中国における「愛国ビジネス」はもううまくいかないかもしれない―シンガポールメディア

3日、シンガポールメディア・聯合早報は「中国の新たな経済状況の下で、愛国を利用したビジネスがうまみを失っている」とする記事を掲載した。

2024年2月3日、シンガポールメディア・聯合早報は「中国の新たな経済状況の下で、愛国を利用したビジネスがうまみを失っている」とする記事を掲載した。

記事は、中国のネット上に「戦馬行動」というIDの人物がおり、以前から情報や画像の切り取りによって企業を日本や外国のスパイと結びつける書き込みによってトラフィックを集めてきたと紹介。最近では江蘇省南京市のショッピングモールを標的にし、商店のガラスに日本の旭日旗が掲げられている主張したが、「旭日旗」が普通の赤い装飾の一部を拡大したものに過ぎなかったことを他のユーザーに暴露され、ネットユーザーのみならず中国の官製メディアからも「このような行為は愛国的ではなく、国にとって有害である」「合法的でコンプライアンスを遵守する企業に故意に手を出し、正常な経済秩序と社会生活を混乱させた者を処罰しなければならない」との批判を浴びたとした。

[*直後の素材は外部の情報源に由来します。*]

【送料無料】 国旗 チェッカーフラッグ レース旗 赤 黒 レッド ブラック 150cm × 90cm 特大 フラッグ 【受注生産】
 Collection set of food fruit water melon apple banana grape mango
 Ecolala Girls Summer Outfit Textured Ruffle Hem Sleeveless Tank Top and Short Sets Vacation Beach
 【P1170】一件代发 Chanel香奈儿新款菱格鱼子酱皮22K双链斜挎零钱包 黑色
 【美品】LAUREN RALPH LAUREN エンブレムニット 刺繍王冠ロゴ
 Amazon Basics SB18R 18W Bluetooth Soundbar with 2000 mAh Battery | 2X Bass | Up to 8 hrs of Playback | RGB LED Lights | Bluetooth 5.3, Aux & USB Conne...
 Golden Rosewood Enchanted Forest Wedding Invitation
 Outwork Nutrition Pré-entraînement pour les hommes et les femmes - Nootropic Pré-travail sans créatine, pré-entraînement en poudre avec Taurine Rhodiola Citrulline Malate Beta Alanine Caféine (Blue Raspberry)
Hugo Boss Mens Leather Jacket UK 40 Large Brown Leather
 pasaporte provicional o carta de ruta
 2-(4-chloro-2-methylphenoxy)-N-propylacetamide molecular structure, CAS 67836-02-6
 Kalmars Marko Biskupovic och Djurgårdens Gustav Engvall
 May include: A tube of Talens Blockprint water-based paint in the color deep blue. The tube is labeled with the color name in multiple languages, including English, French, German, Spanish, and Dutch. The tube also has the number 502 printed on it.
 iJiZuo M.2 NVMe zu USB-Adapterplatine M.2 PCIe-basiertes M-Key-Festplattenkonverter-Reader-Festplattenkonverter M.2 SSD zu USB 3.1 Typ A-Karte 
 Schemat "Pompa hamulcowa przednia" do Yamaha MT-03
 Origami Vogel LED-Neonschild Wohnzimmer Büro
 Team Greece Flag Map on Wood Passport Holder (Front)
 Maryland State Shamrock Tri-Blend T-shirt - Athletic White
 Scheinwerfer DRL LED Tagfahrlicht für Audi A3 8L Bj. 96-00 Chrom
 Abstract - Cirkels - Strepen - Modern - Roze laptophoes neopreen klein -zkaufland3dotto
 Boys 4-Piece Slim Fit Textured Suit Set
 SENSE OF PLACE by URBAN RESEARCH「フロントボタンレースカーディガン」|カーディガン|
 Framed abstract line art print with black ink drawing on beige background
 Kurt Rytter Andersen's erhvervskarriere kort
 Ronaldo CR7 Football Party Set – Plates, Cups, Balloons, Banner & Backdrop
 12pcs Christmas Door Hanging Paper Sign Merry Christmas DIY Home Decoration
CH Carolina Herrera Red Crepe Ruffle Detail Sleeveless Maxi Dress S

また、「戦馬行動」のような事例はネット上で後を絶たないとした上で、その背景として、インターネットが長きにわたり「トラフィック至上主義」というゆがんだ傾向にあり、センセーショナルで対立をあおるような映像や文章によってアクセス数が稼げ収益が得られる状況にあること、従来型メディアの衰退に伴いショート動画プラットフォームが発展する中で低質なセルフメディアが増殖していることを挙げた。

さらに、「中国当局にも責任がある」とし、ここ数年、中国政府が展開してきた「戦狼外交」を見て多くの市民がこれを模倣し、かつ政府が一部の過激な言論を黙認してきたことも問題だと指摘している。

記事は、一連のトラブルにおいて企業が自らの正当性を主張する一方で圧力を受けたことで問題の装飾の撤去を余儀なくされていると紹介。「フーリガニズムの前ではやむを得ない。当局から圧力を受けたケースもあるし、事態が拡大して大きな損失を被るリスクもあるのだから」と同情した上で、このまま「戦馬行動」のような連中にネット世論を支配させれば、企業経営や市民の消費を含む中国のビジネス環境に悪影響を及ぼし、外国からの投資がますます遠のく可能性があると指摘、今後中国当局がこのような「愛国ビジネス」を鎮静化させる行動に出ることが予見されるとした。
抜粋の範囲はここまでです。